As promised last month, I am posting some additional information regarding the Johnston Stevenson Stopping House. Having now gotten my hands on the Nose Creek Valley History book (see Sources, below), I have a bit more detail about the location.
What I did learn was that on this site (SW1/4, Sec. 36-27-1-W5) that John M. Dixon (or, Dickson, depending on the source) owned the original stopping house. While it could have been around since the late 1870s, it was only registered in the name J.M. Dixon on July 23, 1886.
Johnston Stevenson took title of the stopping house on December 9, 1895 and remained a stopping house until 1900 when the Airdrie Hotel was opened.
This was also a location for the dropping of mail along the Calgary-Edmonton railway, starting around 1891. For the first few years mail was simply dropped off opposite the stopping house which often necessitated the wading through marsh land to retrieve the mailbag.
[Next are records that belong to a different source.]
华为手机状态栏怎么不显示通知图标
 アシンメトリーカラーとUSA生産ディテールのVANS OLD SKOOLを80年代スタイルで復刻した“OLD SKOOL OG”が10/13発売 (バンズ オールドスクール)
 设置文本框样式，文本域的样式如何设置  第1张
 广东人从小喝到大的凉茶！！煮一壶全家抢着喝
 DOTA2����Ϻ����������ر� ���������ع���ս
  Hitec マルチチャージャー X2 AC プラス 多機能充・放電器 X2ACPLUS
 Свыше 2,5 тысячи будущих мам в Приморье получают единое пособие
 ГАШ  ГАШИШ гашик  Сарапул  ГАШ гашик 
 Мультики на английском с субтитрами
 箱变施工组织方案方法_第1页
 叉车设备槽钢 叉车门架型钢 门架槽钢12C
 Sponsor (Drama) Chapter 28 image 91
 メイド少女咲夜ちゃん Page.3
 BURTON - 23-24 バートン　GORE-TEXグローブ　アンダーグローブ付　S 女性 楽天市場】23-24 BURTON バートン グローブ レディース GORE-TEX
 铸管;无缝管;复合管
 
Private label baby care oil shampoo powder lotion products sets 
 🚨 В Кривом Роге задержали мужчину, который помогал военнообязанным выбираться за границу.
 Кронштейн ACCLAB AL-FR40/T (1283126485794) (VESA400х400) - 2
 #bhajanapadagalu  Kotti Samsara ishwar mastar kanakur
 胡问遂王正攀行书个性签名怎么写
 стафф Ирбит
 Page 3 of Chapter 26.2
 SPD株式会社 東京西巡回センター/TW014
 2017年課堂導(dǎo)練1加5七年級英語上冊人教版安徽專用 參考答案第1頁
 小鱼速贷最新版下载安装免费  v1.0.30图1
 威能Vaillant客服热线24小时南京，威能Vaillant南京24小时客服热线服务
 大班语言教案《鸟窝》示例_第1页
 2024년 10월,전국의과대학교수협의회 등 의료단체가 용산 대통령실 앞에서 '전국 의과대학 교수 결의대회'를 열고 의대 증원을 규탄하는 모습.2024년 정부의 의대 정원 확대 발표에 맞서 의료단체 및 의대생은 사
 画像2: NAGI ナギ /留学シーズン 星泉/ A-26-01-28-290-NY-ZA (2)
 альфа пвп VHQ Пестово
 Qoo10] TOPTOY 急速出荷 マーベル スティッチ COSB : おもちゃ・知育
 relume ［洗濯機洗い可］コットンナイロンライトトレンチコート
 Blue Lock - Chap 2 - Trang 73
From 1900-1903 a mail catching tower was installed but then mail service ended when the Airdrie post office was opened.
The book shows a photo of a stopping house, but it doesn’t make note as to whether this is the Johnston Stevenson stopping house or the Dickson-Stevenson Stopping House which was located a bit further north. I’ve included a reproduction of the original image here because it provides a visual context for what a typical stopping house would have been like, even if it isn’t the exact one which is the subject of this posting.
We also know that the Nose Creek Historical Society was granted permission by the site’s landowner Donald Copley in 1975 for the erection of the monument.
I’m sure there is more information out there and I hope one of our local historians will be able to help fill in more of the details.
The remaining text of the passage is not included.